Hoyerリフトでの患者移乗手順
Hoyerリフト(スリングリフト)は、ベッドから車椅子への移乗など、移動が制限された患者さんを安全に持ち上げ、転送するためのクレーン型装置です。手動式と電動式があり、病院や介護施設だけでなく、在宅医療でも利用できます。患者さんと介護者双方の怪我リスクを低減できるよう、正しい使い方が重要です。
使用前の準備
- ベッドの高さを介護者の腰の高さに調整し、背中を曲げずにスリングを掛けられるようにします。
- 患者さんの体格や状態に合わせたスリング(全身スリング、U字スリングなど)を選び、正しく装着します。
転送手順
- リフト本体をベッドの下に配置し、足部を開いてロックします。
- リフトのクレードル(乗せ台)をベッドの上まで下げ、スリングを掛けやすい位置にします。

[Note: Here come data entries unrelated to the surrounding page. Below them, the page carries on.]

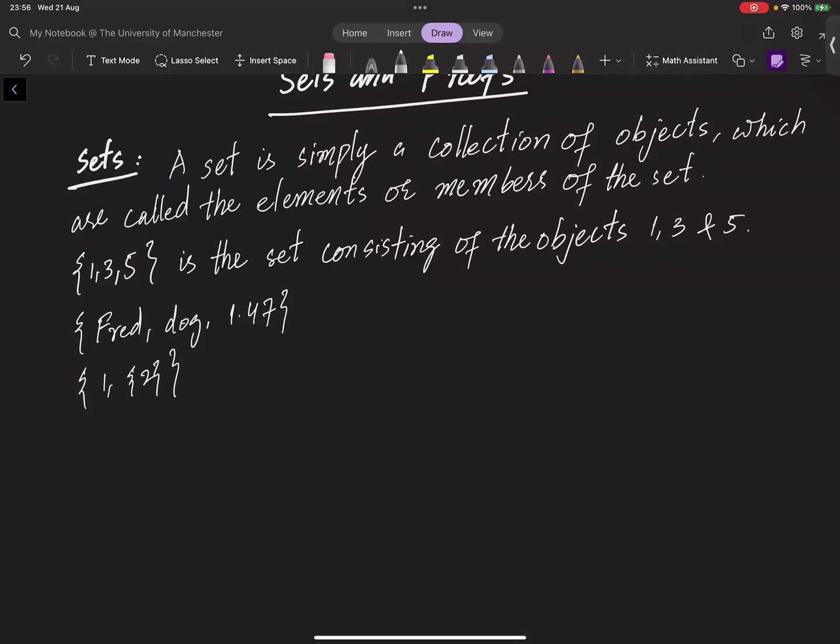For example, the set consisting of all the people who live in Denmark, Pakistan, India, Malaysia, Sri Lanka, or Bangladesh is for most purposes best described by precisely this phrase. It is unlikely to be useful to describe this set in list form.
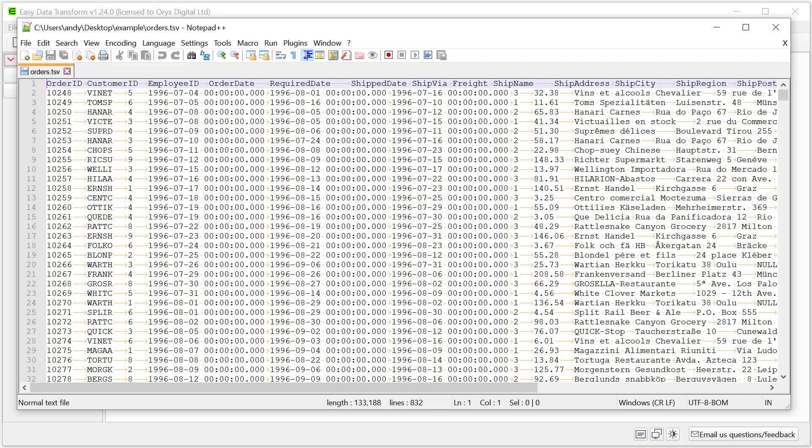Hi, this is Andy Bryce of Easy Data Transform and I'm going to show you how you can easily convert this tab separated file to a comma separated file.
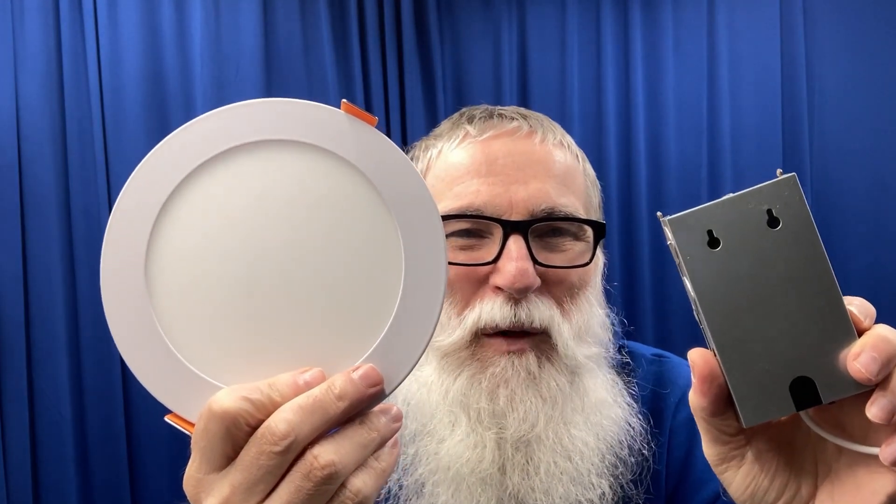Hello everybody, Papa Blue Shirt here. Today we want to take a look at these Amico recessed lights. These things are neat, they have a nightlight. Let's check it out.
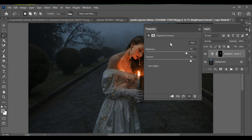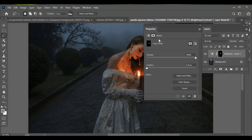Now go to the mask settings and slightly adjust the feather of the mask so the light blends smoothly. And that's it — the candle light looks much brighter and more natural.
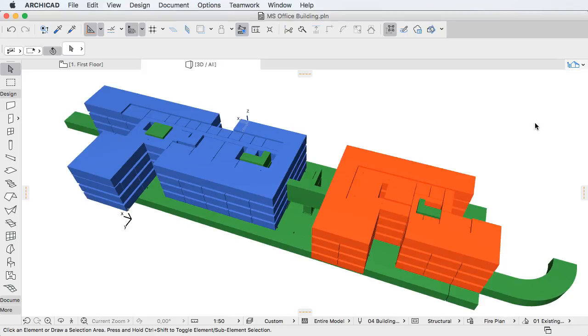Please watch all the clips in this playlist to fully familiarize yourself with the documentation representation capabilities offered by Graphic Overrides.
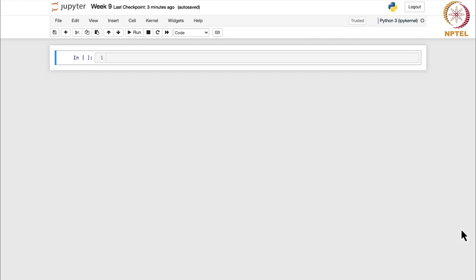Now we are going to look at their corresponding codes - how we can do them in Python. First of all we will look at the test for the difference of the two means such that the two populations, the samples that have been taken, are independent and have equal variances. Let me just mention that as a comment: test for mu1 minus mu2 in case of independent samples and equal variances.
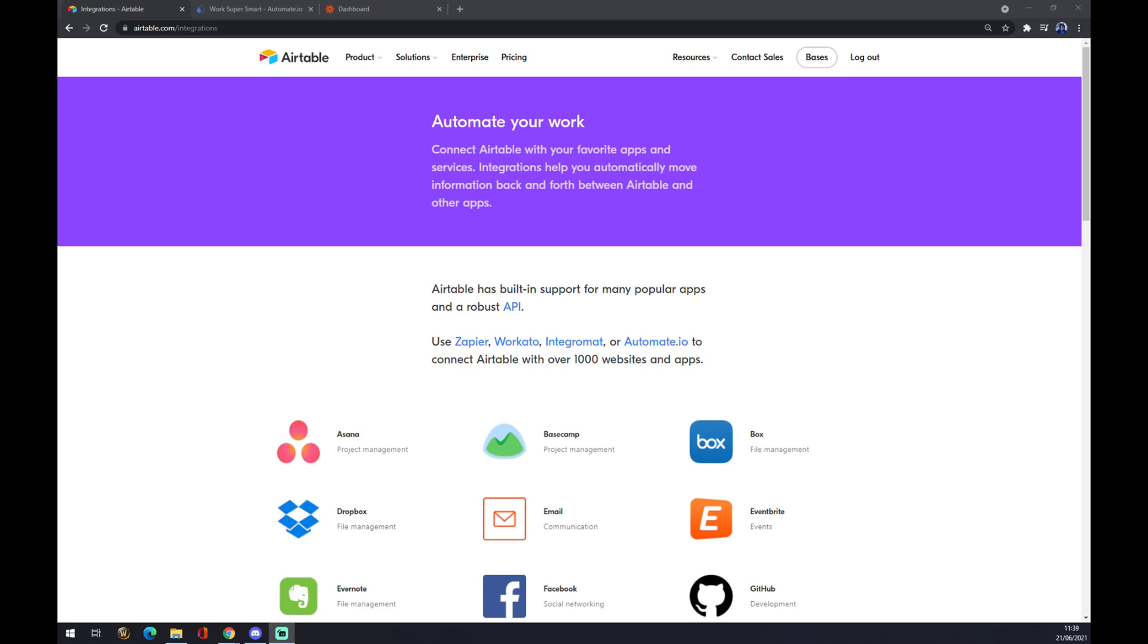Hello guys, my name is Mathew and in today's video I'm going to show you how you can integrate Airtable with Slack.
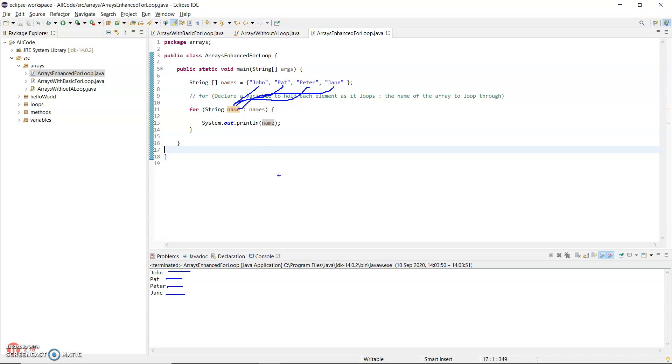So that is the enhanced for loop for arrays. Remember the colon separating the two sections - on the right hand side is the name of the array. And on the left hand side, you're basically declaring one variable, a single variable of the same data type as the array that will hold each element as it loops through.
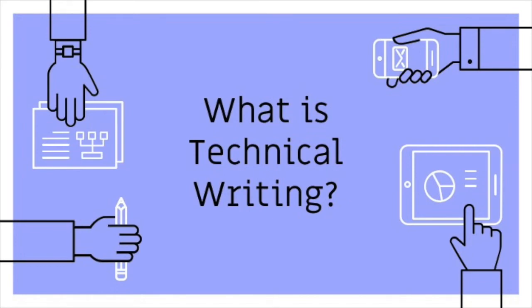So you've signed up for a class in technical writing. My guess, though, is that some of you, at least, are a little unsure about what technical writing even means. Is it writing in a technical way? Writing about technical topics? Obviously, if we're going to learn to produce technical writing, we need to start by figuring out what technical writing is.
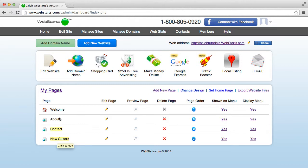So I want to move New Guitars up into the second position because I want people to click on that first after they go to the home page, which is Welcome.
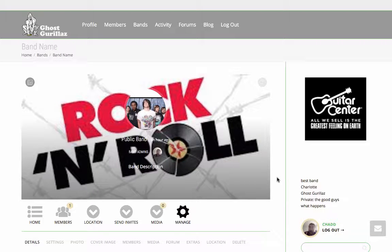Hi everyone, welcome back to GhostGorillas.com. Today I'm going to show you how to edit your band page.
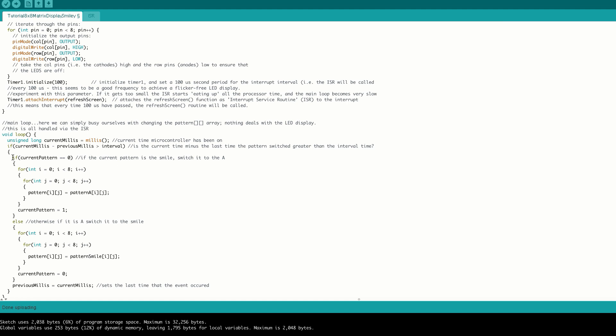We then check to see if our current pattern is the smile pattern. If it is, then we switch to the A pattern, and we do this by iterating element by element through our pattern array and setting this into our current pattern. So in this case, we're iterating element by element through our A pattern and setting this to our current pattern. We also set our current pattern variable to one.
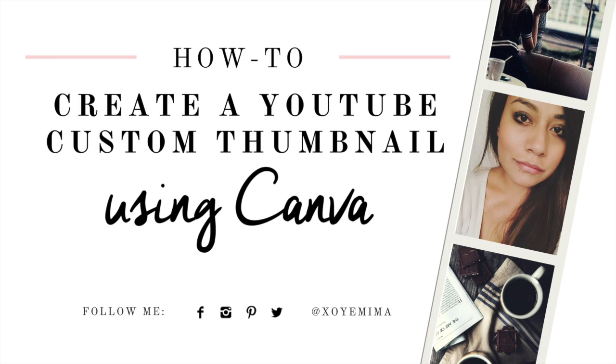Hi this is Yamima, welcome to this video tutorial. This video is going to focus on how to create a YouTube custom thumbnail using Canva.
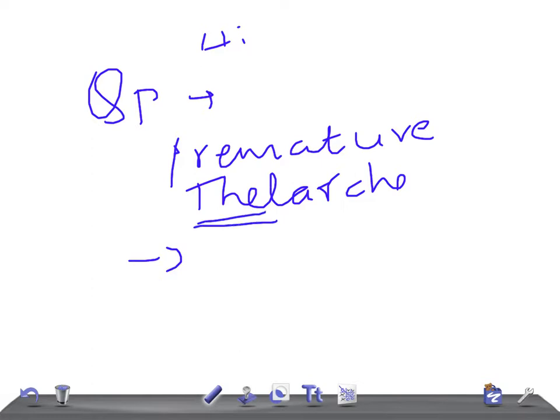The age of the patient is typically around 1 to 2 years old. This is commonly tested in USMLE Step 1 or Step 2 CK — for example, a 2-year-old female child is brought in with breast development and the mother is worried. Don't think of this as precocious puberty; it is premature thelarche.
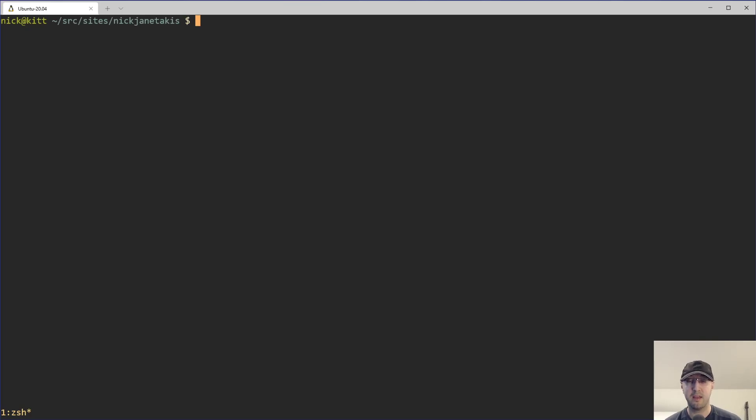Hey there, Nick Dunythakis here. In this video, we're going to go over how to set up a custom Vim mapping to let you very quickly copy the current relative file path of the buffer that you have open to your clipboard.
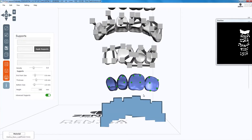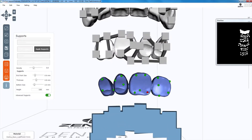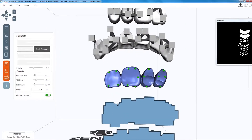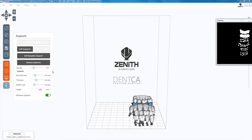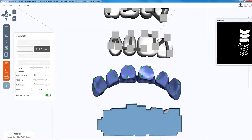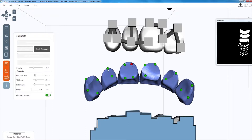As for the posterior teeth, ensure the supports are evenly spread around the border of the base, adding extra supports as needed. Molars should have around 5 supports and premolars should have around 4 supports. The maxillary anterior teeth should have 4 supports per tooth, with one additional on the distal of the canine teeth.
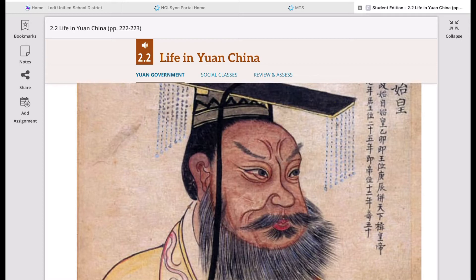His Yuan Dynasty led China for a century, but it was not an easy time for the Chinese because the Mongols were very harsh to the Chinese people. There was a lot of resistance because the Chinese saw the Mongols as invaders — not real Chinese people. Because of this, the treatment by the Mongols was harsh, and that was the situation for 100 years.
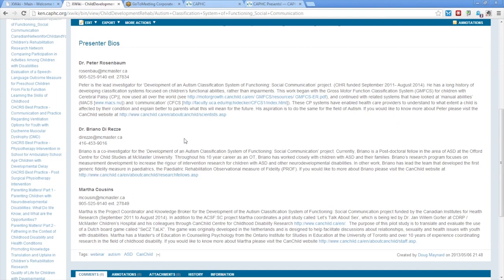Also with us, we have Dr. Briano DiRezzi, who is the co-investigator for this program. Dr. DiRezzi is an OT who's doing research and has been working closely with children with ASD and their families for at least 10 years, with a research program that focuses on measurement development to increase the rigor of intervention research for children with ASD and other neurodevelopmental disorders. We also have Martha Cousins, who's the project coordinator and knowledge broker for this project.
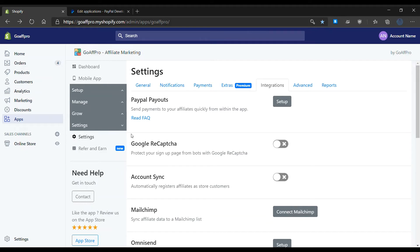Hello everyone, today we are going to be looking at how to set up PayPal payouts with the GoAffPro app.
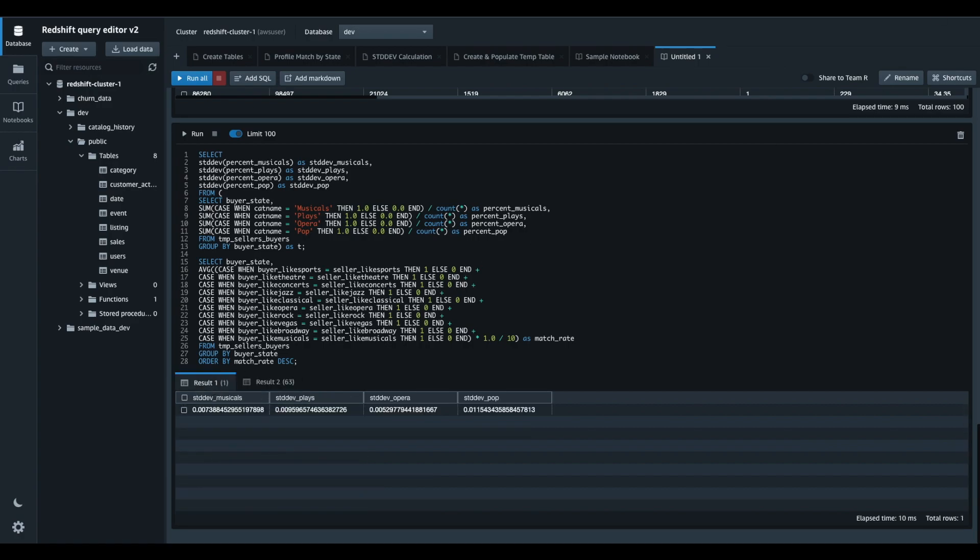I can use the run all button here to sequentially run each cell in my document, or I can use the run button inside the cell, or just use the keyboard shortcut to execute the statements in the focus cell.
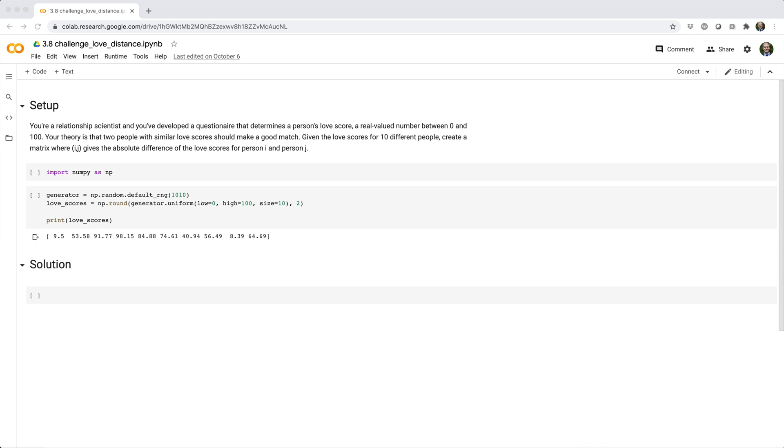In this problem, you're a relationship scientist, and you've developed a questionnaire that determines a person's love score, a real valued number between 0 and 100. Your theory is that two people with similar love scores should make a good match. Given the love scores for 10 different people, create a matrix where element ij gives the absolute difference of the love scores for person i and person j.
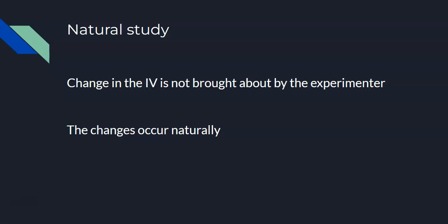Natural studies, on the other hand, this is where the change in the independent variable, so the creation of that group or that event, is not brought about by the experimenter. So this is something that occurs naturally. The change has come about not through anything the researcher has done. It's just occurred naturally in a more natural way.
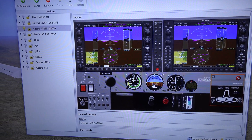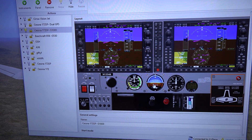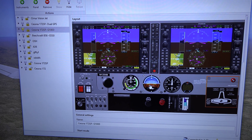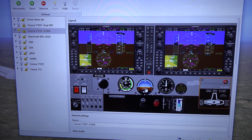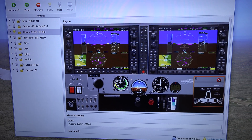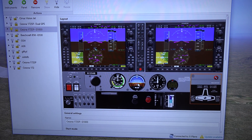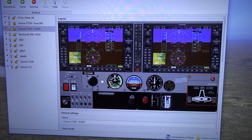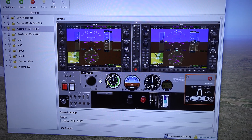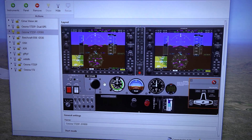We have a list of around 600 instruments you can choose from, and you can use these 600 to design your own panel. So you can move instruments around, add instruments, remove instruments, stuff like that.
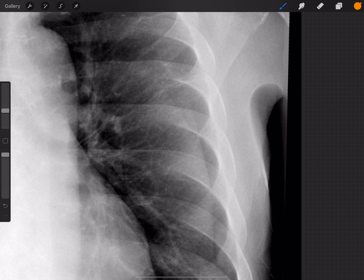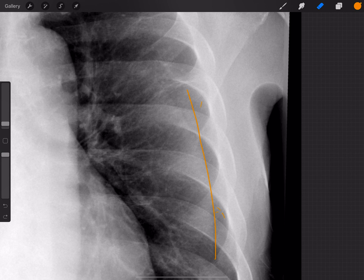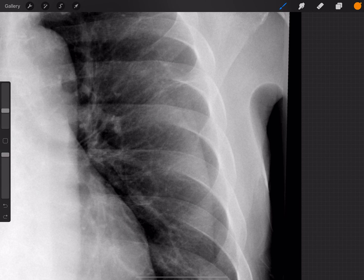Why is this a skin fold and not a pneumothorax? The main reason is that this is not a radio-opaque line — this is a radiolucent line, and lateral to this line, although it's subtle, we still see very fine lung markings. Also notice that if you follow this line up, it doesn't continue upward; it just fades away. That's another sign we're looking at a skin fold and not a pneumothorax.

- スリングをクレードルに固定します。スリングの取扱説明書に従ってしっかりと結びます。
- リフトを上げ、患者さんがベッド面から離れるまで持ち上げます。その後、患者さんの足をベッド側に回すようにやさしく回転させます。
- リフトの車輪ロックを解除し、患者さんを自分の方へ向けたままリフトをベッドから離します。目的地まで移動したら再度車輪ロックを掛けます。
- 電動リフトの場合は「下降」ボタン、手動リフトの場合は制御バルブをゆっくり開いて、患者さんを車椅子に下ろします。
- 患者さんが安全に座ったことを確認したら、クレードルからスリングを外します。
- 転送が完了したら、スリングは患者さんの下に残さず、折りたたんで保管します。
以上の手順を守ることで、患者さんと介護者の安全を確保しながら、スムーズに転送が行えます。